Output, word for word, each line from the one with "CSKS Denim Jacket" through the end of the listing below, excluding every picture.
....
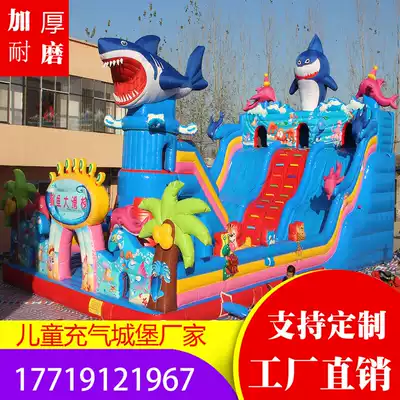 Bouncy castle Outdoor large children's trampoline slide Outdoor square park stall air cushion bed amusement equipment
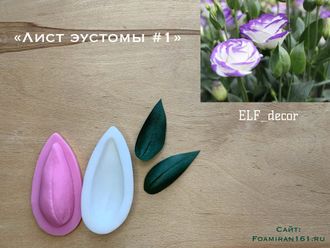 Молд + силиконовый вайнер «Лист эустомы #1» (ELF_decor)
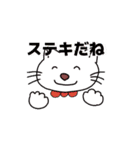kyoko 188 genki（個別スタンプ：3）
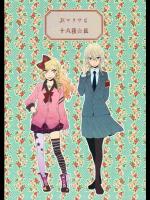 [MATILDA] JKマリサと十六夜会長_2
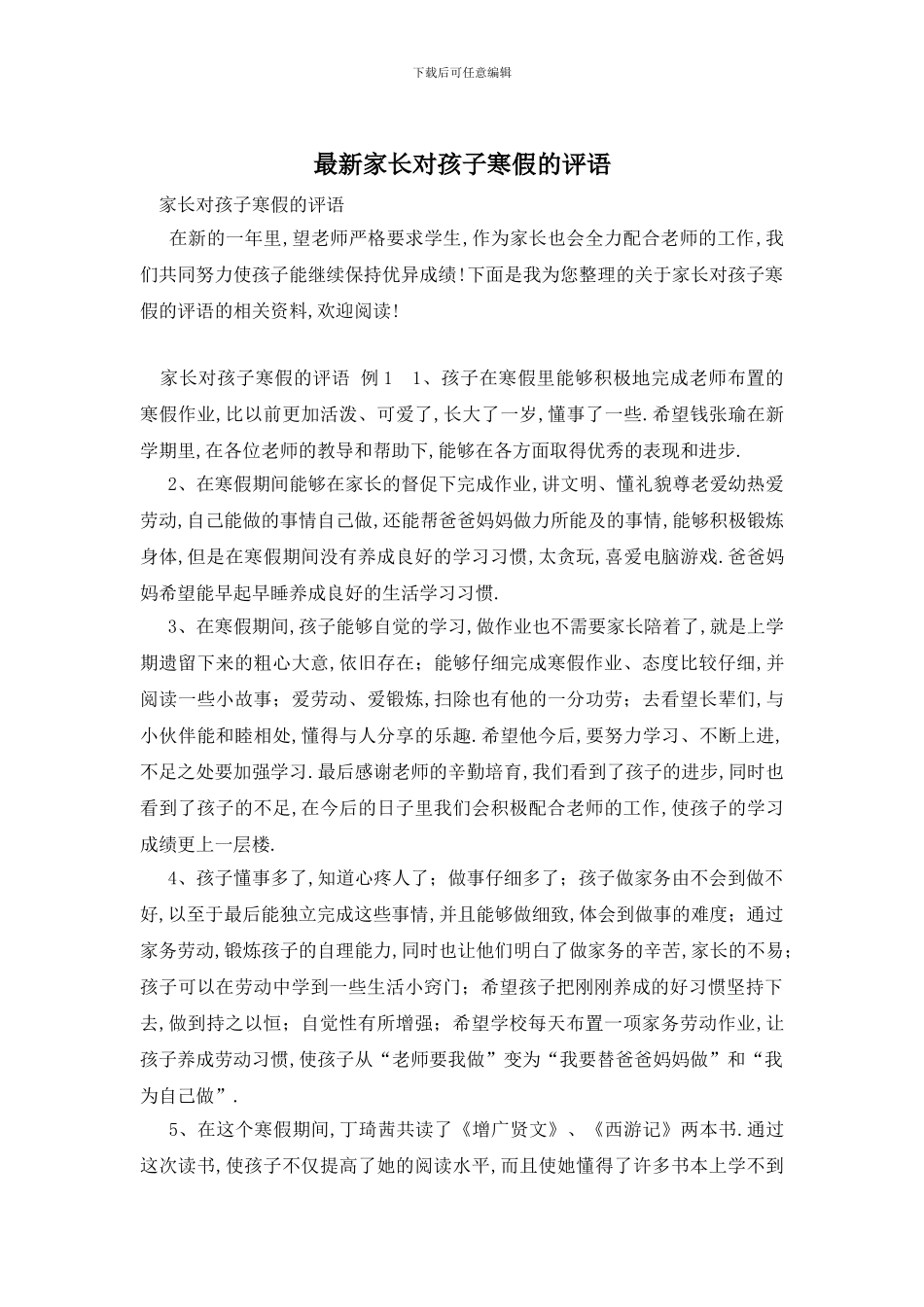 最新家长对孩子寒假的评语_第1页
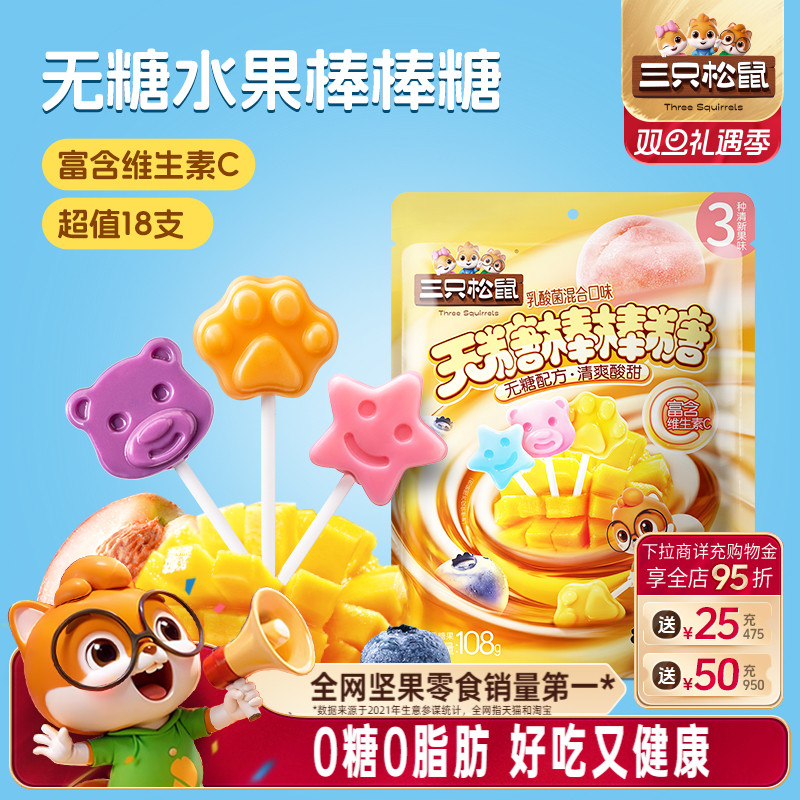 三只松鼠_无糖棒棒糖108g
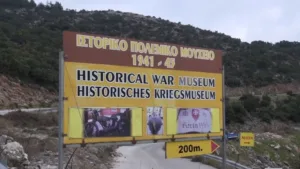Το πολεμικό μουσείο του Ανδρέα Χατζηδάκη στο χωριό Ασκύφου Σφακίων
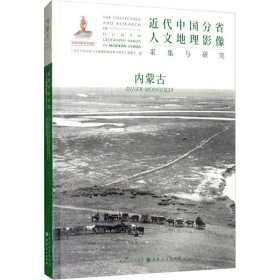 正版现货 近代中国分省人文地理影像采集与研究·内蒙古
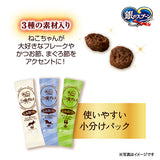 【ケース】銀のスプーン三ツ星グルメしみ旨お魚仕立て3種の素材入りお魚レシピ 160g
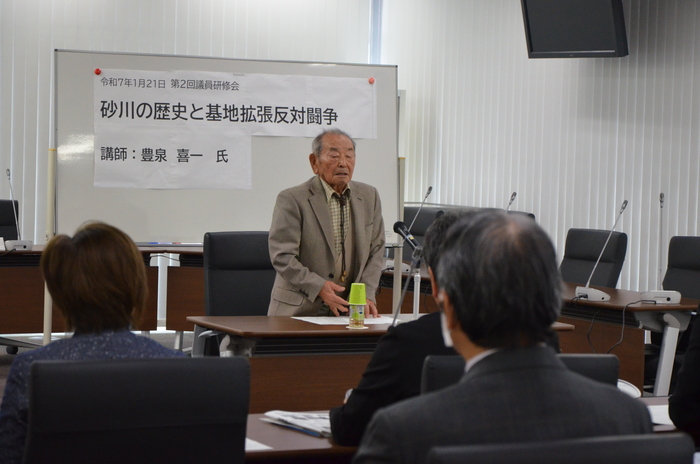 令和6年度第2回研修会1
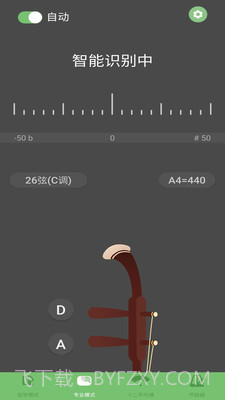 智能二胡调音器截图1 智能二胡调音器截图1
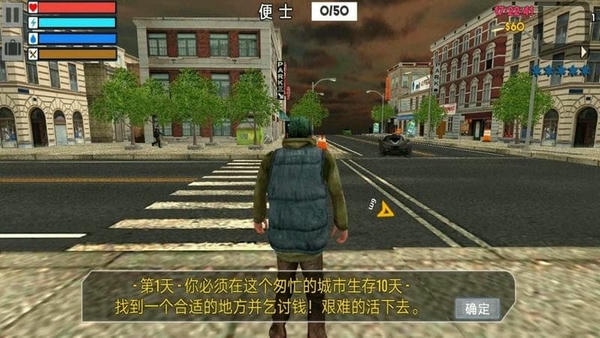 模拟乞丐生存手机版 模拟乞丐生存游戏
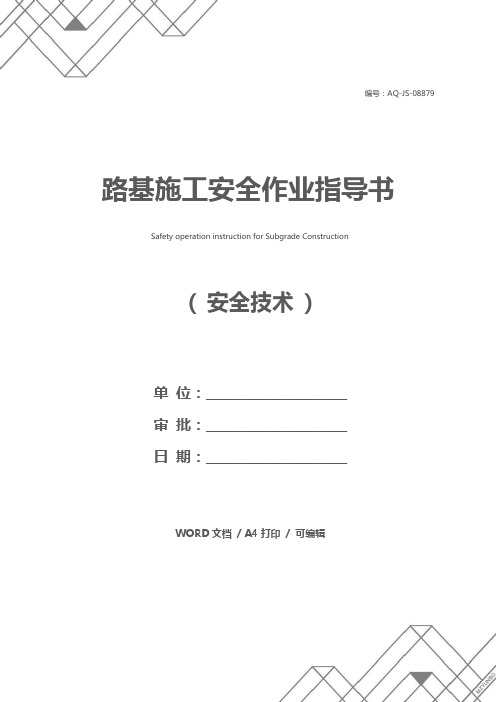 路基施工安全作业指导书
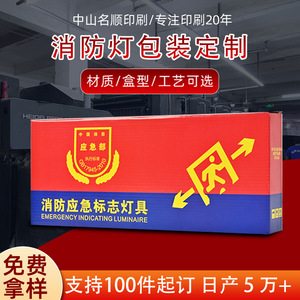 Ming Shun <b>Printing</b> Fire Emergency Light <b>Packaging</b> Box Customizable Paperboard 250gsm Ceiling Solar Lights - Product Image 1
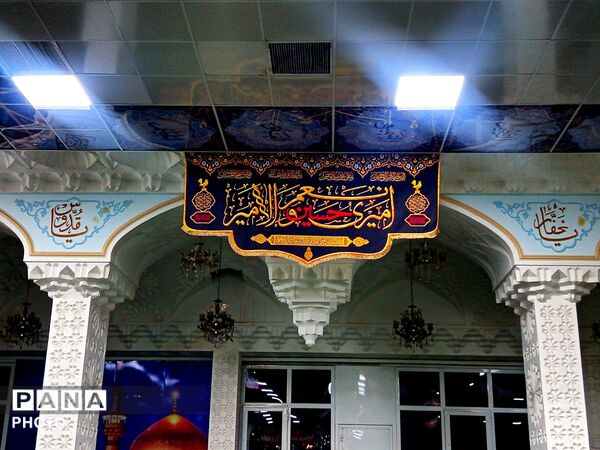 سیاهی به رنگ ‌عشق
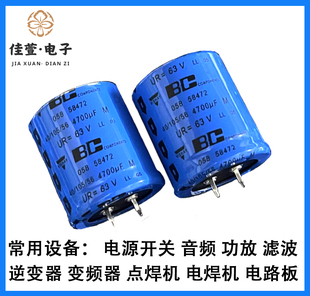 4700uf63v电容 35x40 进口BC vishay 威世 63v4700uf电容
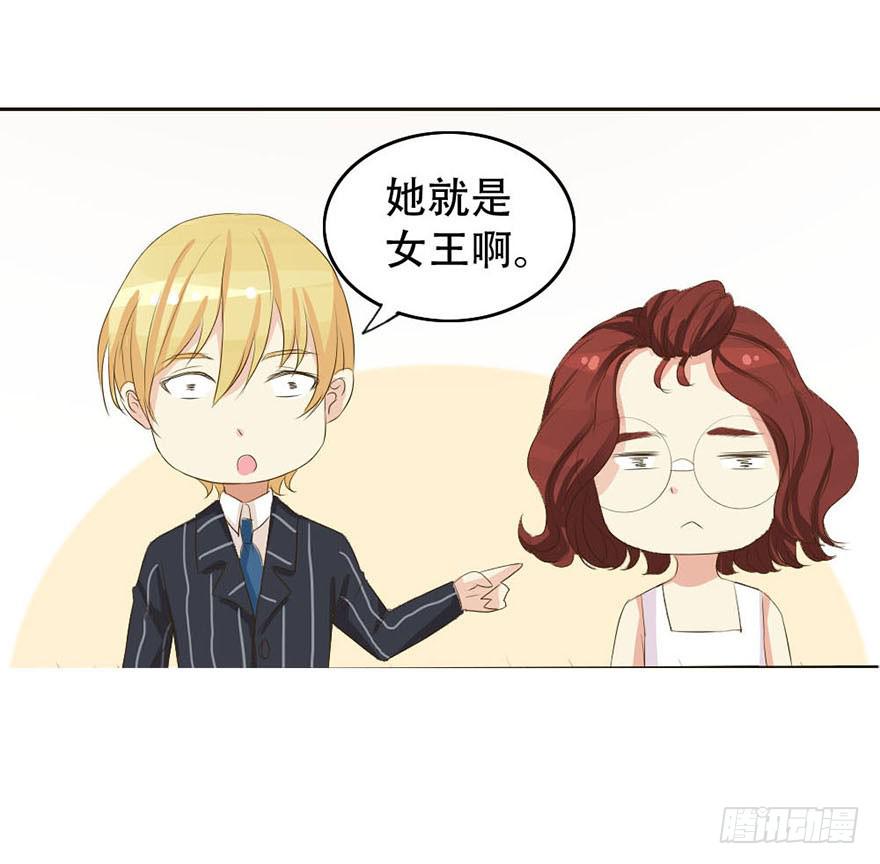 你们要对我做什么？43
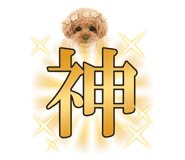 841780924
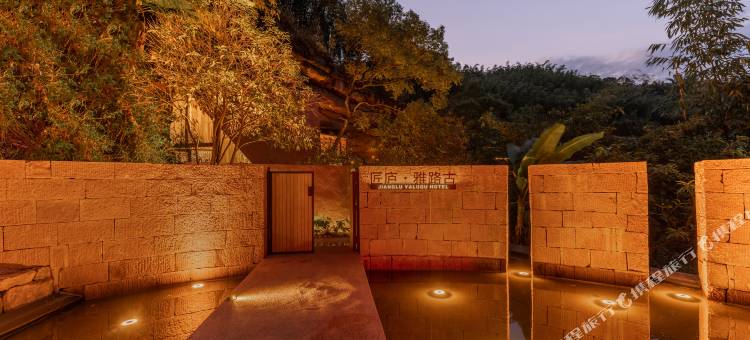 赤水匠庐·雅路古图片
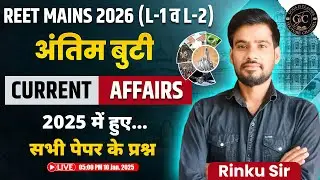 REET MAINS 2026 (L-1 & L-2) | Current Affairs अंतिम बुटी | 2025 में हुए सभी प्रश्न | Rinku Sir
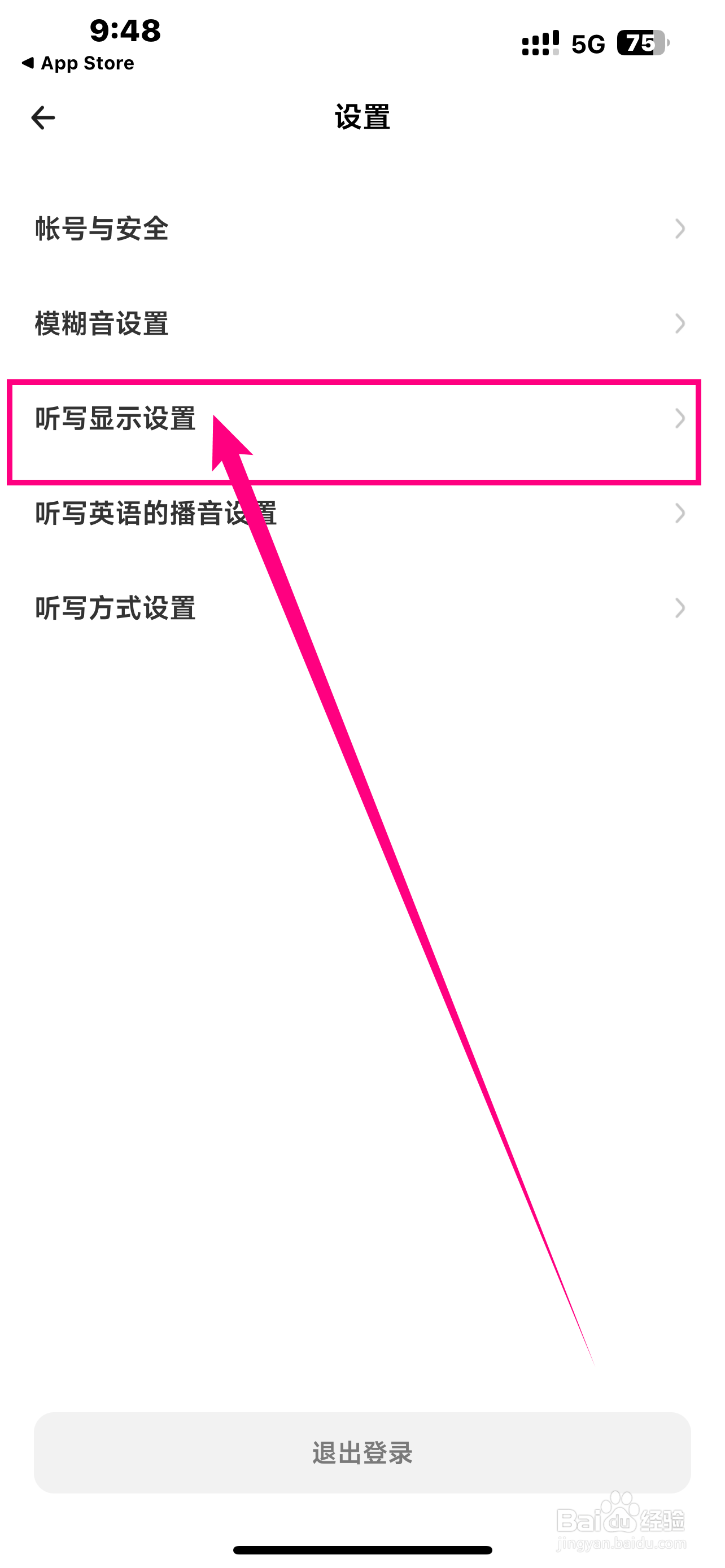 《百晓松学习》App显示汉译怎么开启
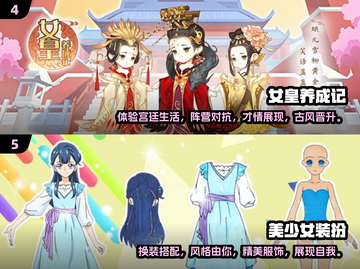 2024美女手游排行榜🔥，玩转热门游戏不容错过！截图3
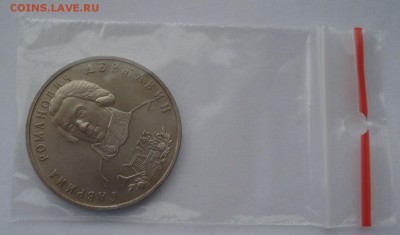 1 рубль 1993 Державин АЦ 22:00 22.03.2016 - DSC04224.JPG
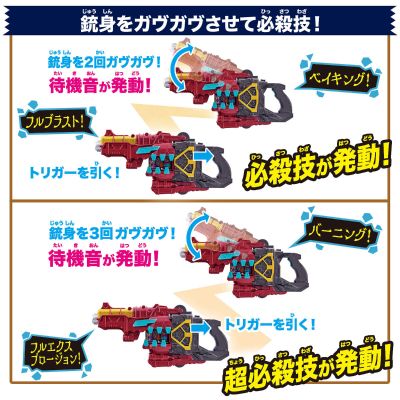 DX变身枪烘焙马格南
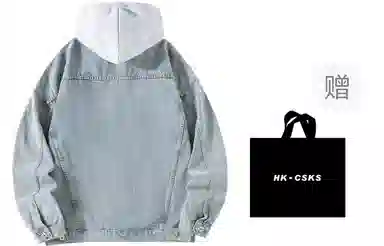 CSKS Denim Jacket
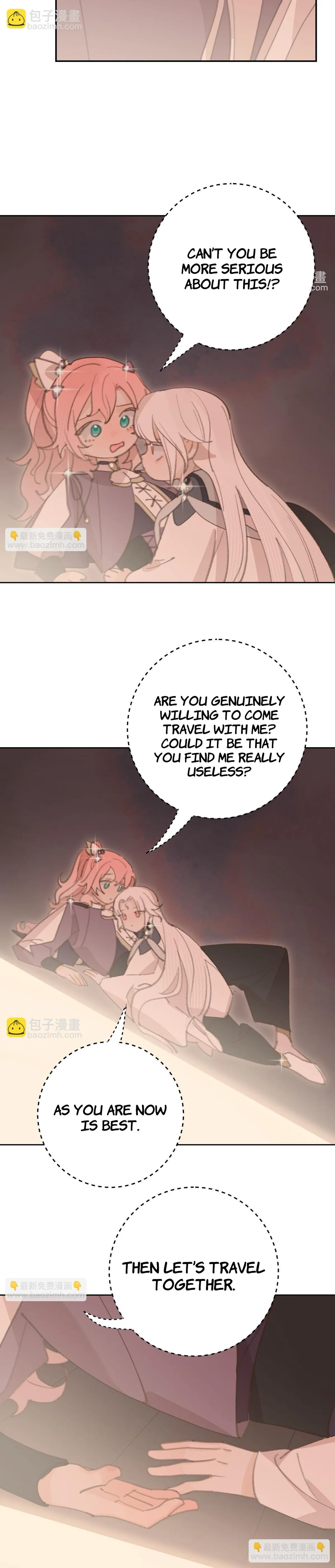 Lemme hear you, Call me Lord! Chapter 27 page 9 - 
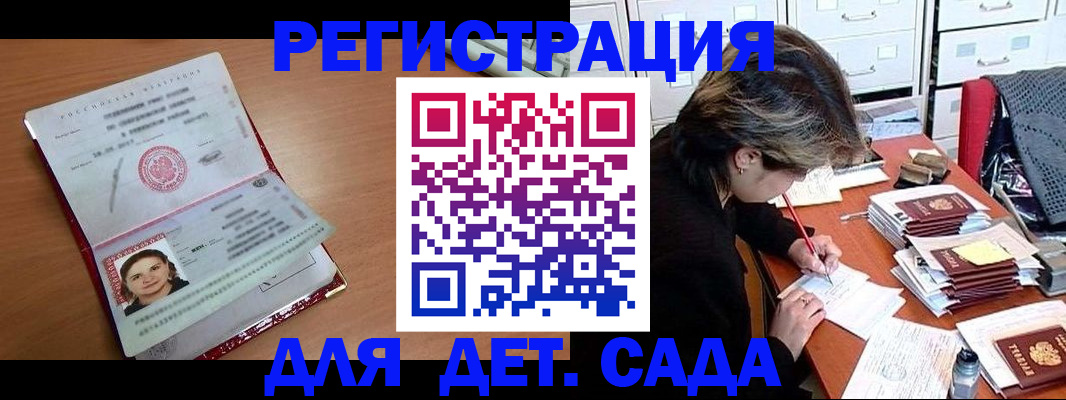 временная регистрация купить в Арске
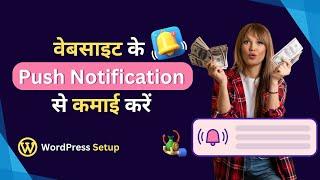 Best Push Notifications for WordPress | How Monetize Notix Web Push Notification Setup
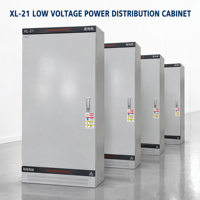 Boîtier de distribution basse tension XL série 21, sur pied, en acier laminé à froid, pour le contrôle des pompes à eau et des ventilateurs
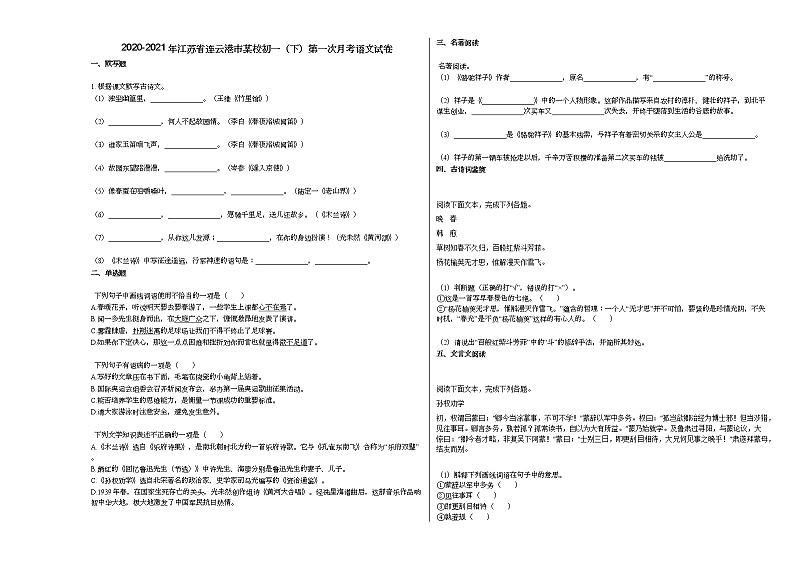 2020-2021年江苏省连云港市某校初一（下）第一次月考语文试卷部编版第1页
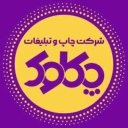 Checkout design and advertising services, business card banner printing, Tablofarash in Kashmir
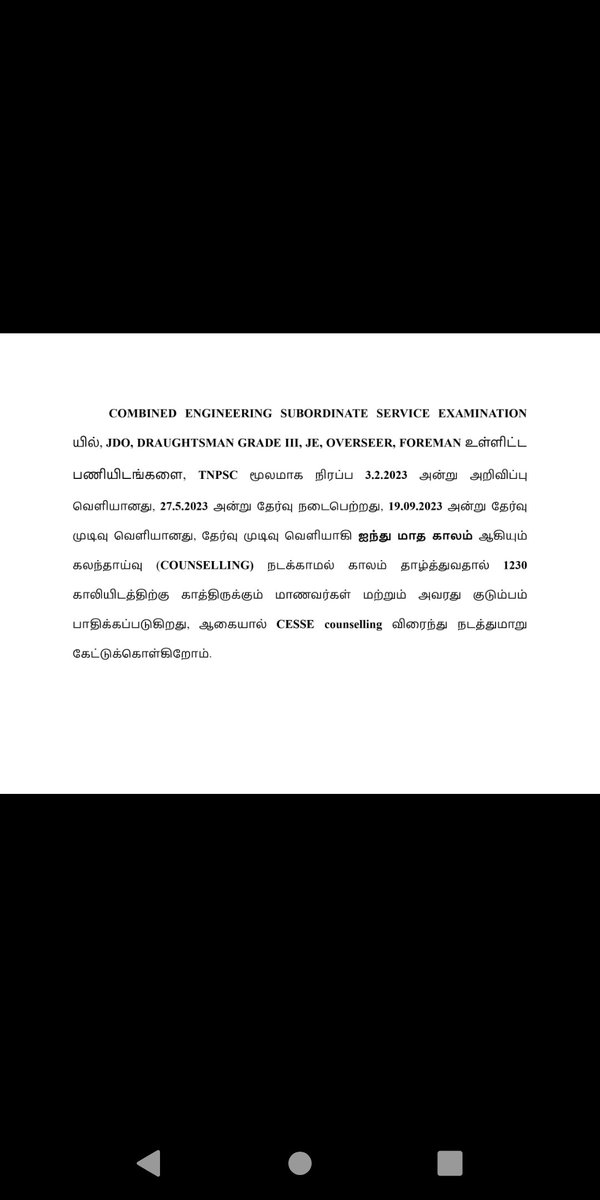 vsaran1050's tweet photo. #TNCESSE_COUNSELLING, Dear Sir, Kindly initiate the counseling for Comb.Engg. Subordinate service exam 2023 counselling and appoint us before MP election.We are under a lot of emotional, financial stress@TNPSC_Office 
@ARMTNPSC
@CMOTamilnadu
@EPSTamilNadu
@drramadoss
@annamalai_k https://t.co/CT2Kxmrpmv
....
■ **ANSWER FOR THIS EXERCISE**
 CSKS Denim Jacket
 Lemme hear you, Call me Lord! Chapter 27 page 9 - 
 временная регистрация купить в Арске
 Best Push Notifications for WordPress | How Monetize Notix Web Push Notification Setup
 Boîtier de distribution basse tension XL série 21, sur pied, en acier laminé à froid, pour le contrôle des pompes à eau et des ventilateurs
 2020-2021年江苏省连云港市某校初一（下）第一次月考语文试卷部编版第1页
 Checkout design and advertising services, business card banner printing, Tablofarash in Kashmir
 vsaran1050's tweet photo. #TNCESSE_COUNSELLING, Dear Sir, Kindly initiate the counseling for Comb.Engg. Subordinate service exam 2023 counselling and appoint us before MP election.We are under a lot of emotional, financial stress@TNPSC_Office 
@ARMTNPSC
@CMOTamilnadu
@EPSTamilNadu
@drramadoss
@annamalai_k https://t.co/CT2Kxmrpmv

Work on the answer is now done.